В истории русской интеллигенции были разнообразные люди, и нельзя утверждать, что Чаадаев и Герцен чаще всего попадаются нам на дороге. Иногда даже начинает казаться, что наталкиваешься преимущественно совсем на другие объекты. Замечательные писатели, на которых все мы воспитаны, чрезвычайно удачно осветили эти вопросы нашей духовной жизни. Так, в частности, очень хорошо осветил А. П. Чехов.
"Не гувернер, а вся интеллигенция виновата, вся, сударь мой. Пока это еще студенты и курсистки - это честный, хороший народ, это надежда наша, это будущее России, но стоит только студентам и курсисткам выйти самостоятельно на дорогу, стать взрослыми, как и надежда наша и будущее России обращается в дым... Я не верю в нашу интеллигенцию, лицемерную, фальшивую, истеричную, невоспитанную, ленивую, не верю даже, когда она страдает и жалуется, ибо ее притеснители выходят из ее же недр"1.
1 См. Ю. Г. Оксман. Белинский и политические традиции декабристов. В кн.: Декабристы в Москве. Сборник статей. Выпуск VIII, М. 1963.
Между тем темным миром, в котором писатель жил, и тем светлым миром, о котором писатель писал, существовала строгая и прямая зависимость: чем более темным становился мир, в котором писатель жил, тем более светлым становился мир, о котором писатель писал.
Он плыл в барже эпохи и не стремился переложить руля. Он катил в омнибусе отечественной словесности и не пытался повлиять на маршрут. Он понимающе улыбался, когда требовало время, приплясывал, когда вынуждали обстоятельства, кивал, когда диктовал исторический процесс. И вообще он жил так, как будто бы его самого, его воли, его власти не существовало, а существовали только: эпоха, обстоятельства, закономерность, необходимость, процесс. Он не понимал, не хотел, боялся понять, что вся эта социологическая империя была заложена, обнесена могучими стенами и окопами, зияющими рвами для того, чтобы не дать вздохнуть, оглядеться, задуматься, посягнуть на священные традиции, сверкающие идеалы, ослепительные вершины и величавое прошлое. И он делал приятное выражение лица и делал неприятное выражение лица, ловил колокольщиков ("петля готова" для Герцена и его друзей), выскакивал на улицу, приветствуя победы, кричал, молчал, шептал, свистел, аплодировал, проявлял энтузиазм, шаркал ножкой, сиял от счастья, гнулся, барахтался, умилялся, рычал, хохотал, ликовал, ползал, выражал восторг и негодование, презрение и одобрение, отвращение и восхищение, почтение, огорчение и умопомрачение.
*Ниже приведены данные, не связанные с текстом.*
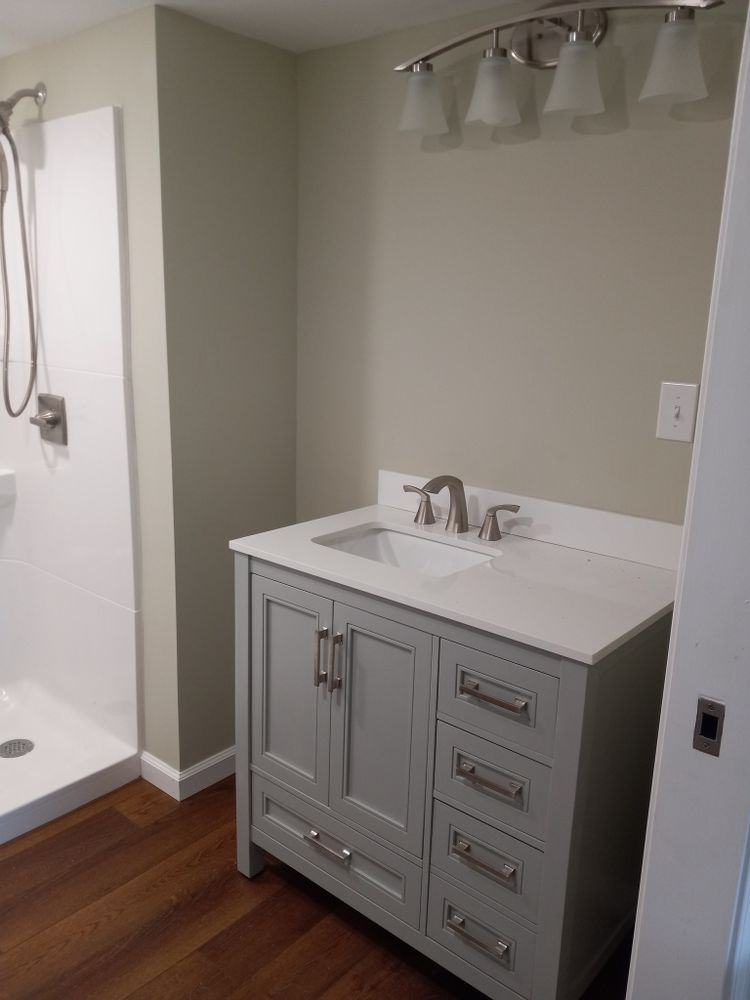 Bathroom with gray vanity, white countertop, and shower stall; dark wood floor, pale green walls.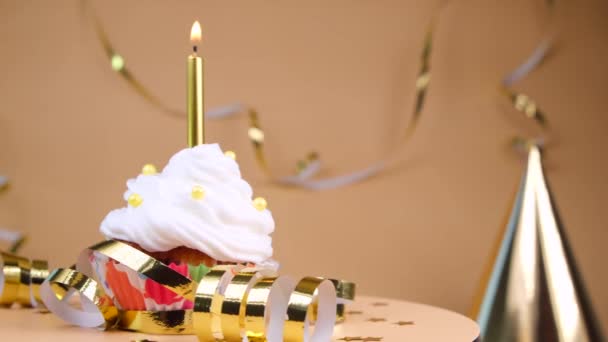 Tort Urodzinowy Lub Babeczka Płonącą Złotą Świecą Beżowym Tle Koncepcja — Wideo stockowe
Юрий Олеша в отличие от Валентина Катаева не получил денег и в отличие от Маяковского не получил пули.
Юрий Олеша вообще ничего особенного не получил. Разве что возможность напечатать несколько плохих рассказов, которых он сначала стеснялся, а потом забыл, что стеснялся, примирился, стал защищать их, начал дорожить ими, бояться и ненавидеть людей, с тревогой вчитывавшихся в эти рассказы.
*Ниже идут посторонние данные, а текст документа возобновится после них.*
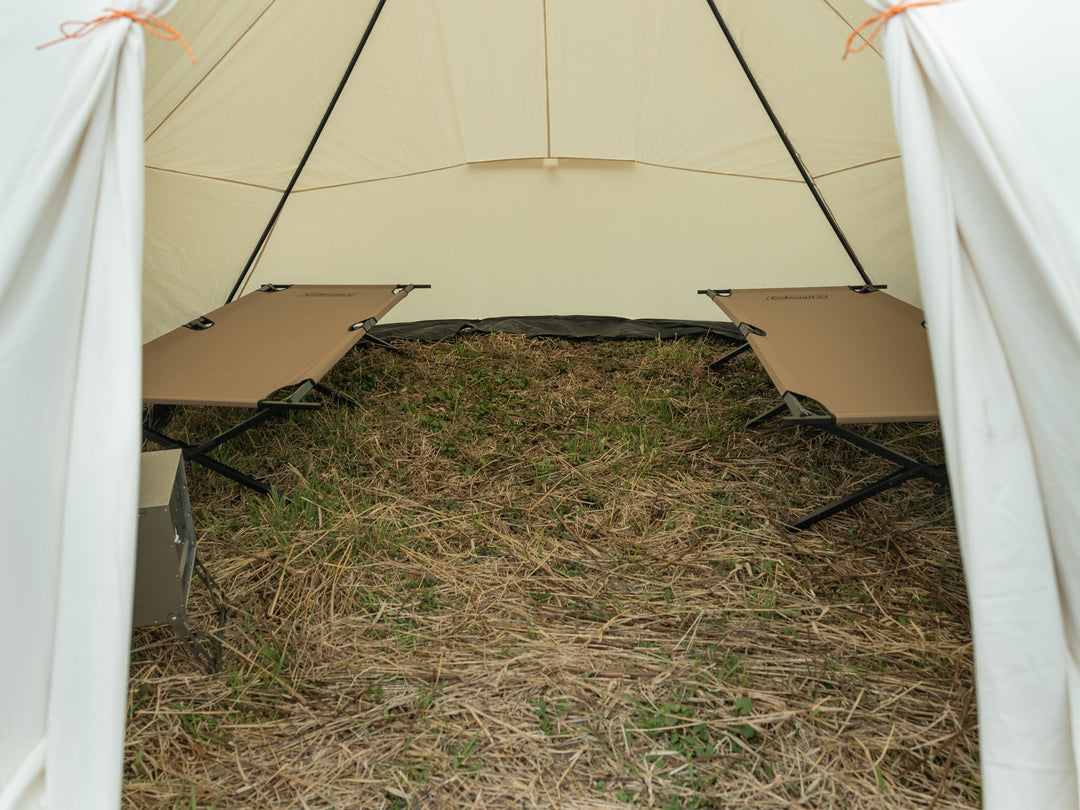 Snowtrekker 13x18 Mega Crew Looking Inside through door stove partially visible front left corner two tan cots setup along left and right sidewall of tent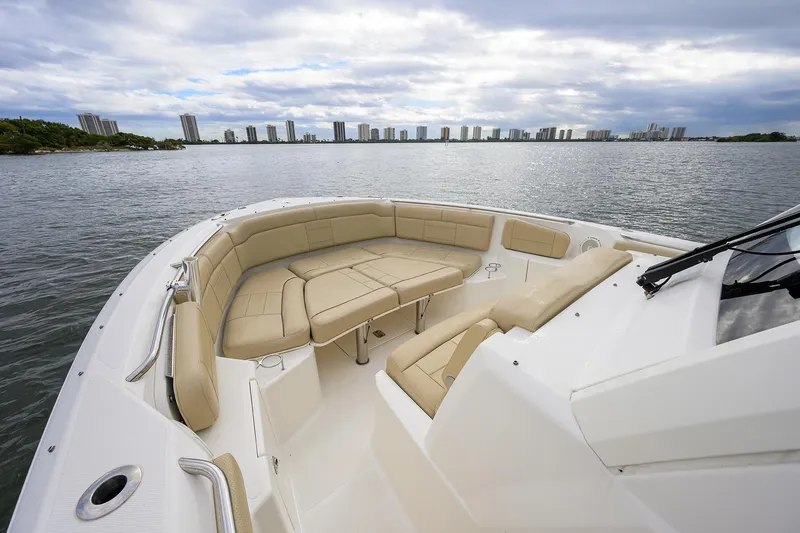  Yacht Photos Pics 2019 Pursuit S 328 Sport boat with spacious seating, overlooking a city skyline on the water.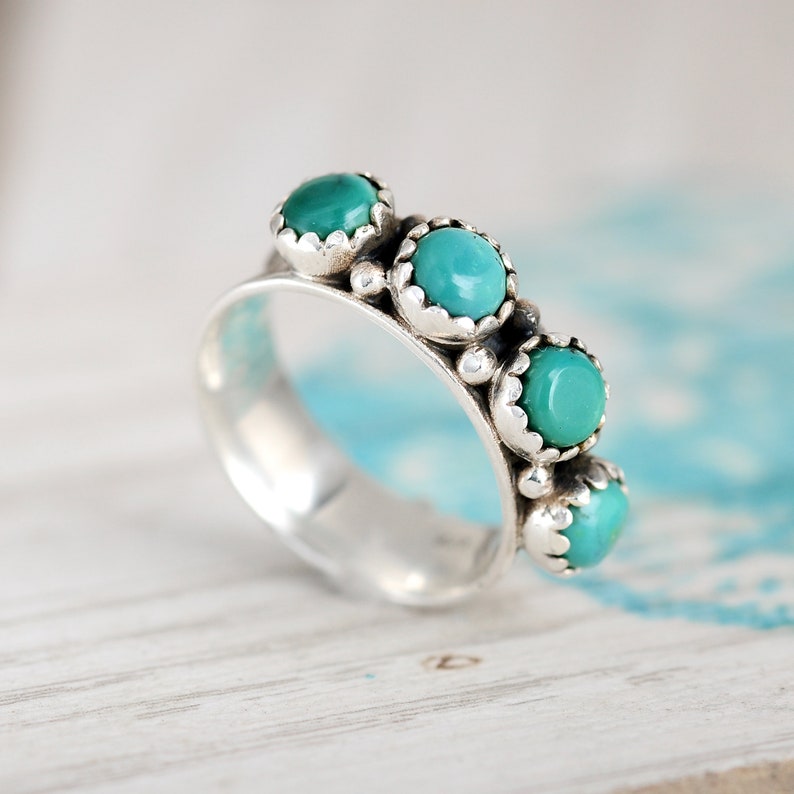 May include: A silver ring with five turquoise stones set in a scalloped design.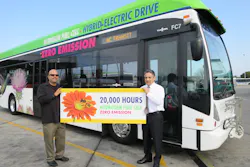Jose Vega, Fuel Cell technician and trainer, and Roland Fecteau, assistant director of maintenance, both with the fuel cell program from its inception. Behind them, Fuel Cell Bus 7, whose fuel cell has clocked 20,000 hours of service. Jose Vega, Fuel Cell technician and trainer, and Roland Fecteau, assistant director of maintenance, both with the fuel cell program from its inception. Behind them, Fuel Cell Bus 7, whose fuel cell has clocked 20,000 hours of service.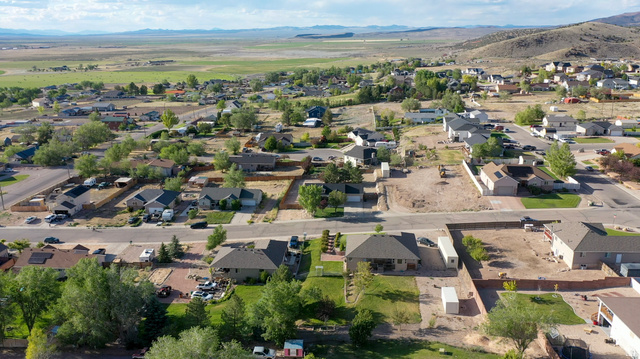 1797 Sunset Road Enoch, UT 84721 - Photo 68 of 80 Aerial perspective showcasing a residential neighborhood with a variety of single-story and multi-story homes
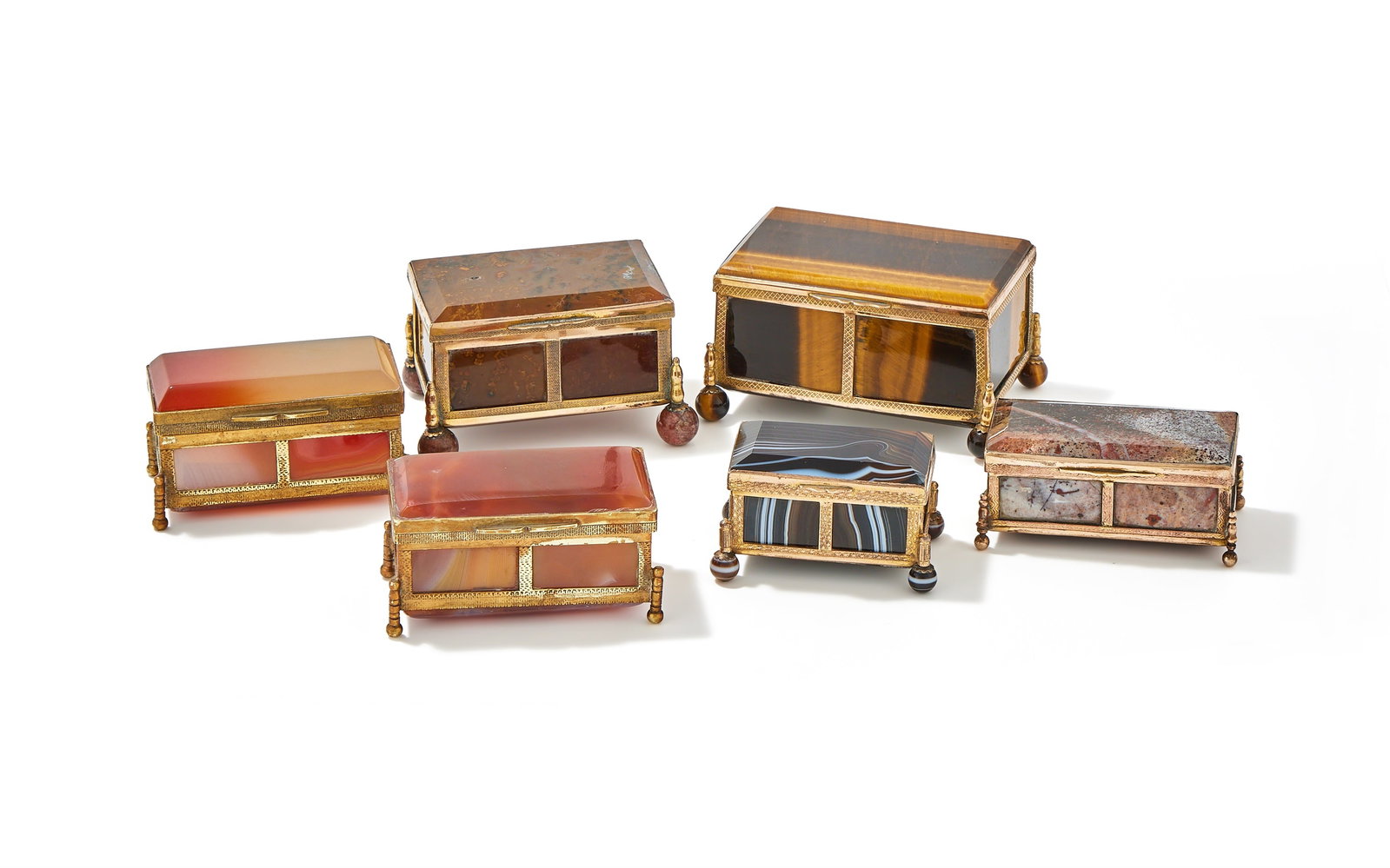 A GROUP OF SIX GILT METAL AND MOUNTED AGATE BOXES, FRENCH OR GERMAN, LATE 19TH CENTURY: A GROUP OF SIX GILT METAL AND MOUNTED AGATE BOXESFRENCH OR GERMAN, LATE 19TH CENTURYComprising:A TIGER'S EYE BOXWith gilt metal mounts and ball feet8cm longA MOSS JASPER BOXWith gilt metal mounts and 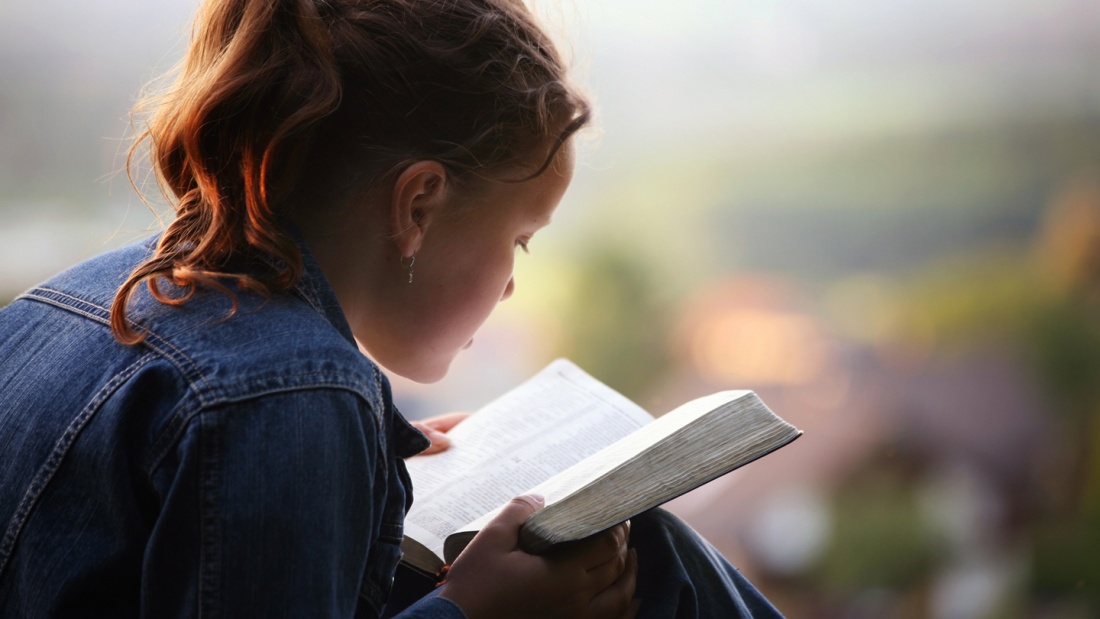 Kind liest in Bibel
Он был жалкий человек, и не отчаяние, и не беспомощность, а равнодушие привели его к гибели.
Выстрел в грудь прощает многое, и человек, выстреливший себе в грудь, сразу перестает быть автором "Стиха не про дрянь, а про дрянцо" и снова становится автором "Облака в штанах".
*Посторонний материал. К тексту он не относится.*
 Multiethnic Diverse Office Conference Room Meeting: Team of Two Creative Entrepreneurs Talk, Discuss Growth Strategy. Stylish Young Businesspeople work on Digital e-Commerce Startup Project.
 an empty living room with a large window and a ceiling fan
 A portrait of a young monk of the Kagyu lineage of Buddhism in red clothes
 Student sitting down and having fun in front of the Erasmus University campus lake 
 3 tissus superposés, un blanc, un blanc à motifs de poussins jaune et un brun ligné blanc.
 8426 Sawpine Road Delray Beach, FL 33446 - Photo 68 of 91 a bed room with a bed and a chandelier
Короткая линия, которую прочеркивает пуля, перечеркивает десяток плохих строк и подчеркивает не один десяток хороших.
Выстрел в сердце обладает высокими свойствами осуждения своих ошибок и показывает, как велика разница между заблуждениями, искупленными кровью, и ложью, прикрытой умением сделать вид, что все прекрасно и что именно к этому веками стремились лучшие умы человечества.
Художника убивают не скверное самочувствие, не дурное настроение, не насморк, не горькая неразделенная любовь, хуже которой ничего не бывает. Художника убивает не беспросветная нищета, не статейки, не отсутствие статеек. Художника убивает всегда, во все времена враждебное искусству общество. За шесть месяцев до своей смерти, в преддверии ее, Александр Блок трижды повторил и один раз написал: "И Пушкина тоже убила вовсе не пуля Дантеса. Его убило отсутст-вие воздуха"1.
1 Александр Блок. Собр. соч. в 12-ти т. Т. 8, Л., 1936, с. 144.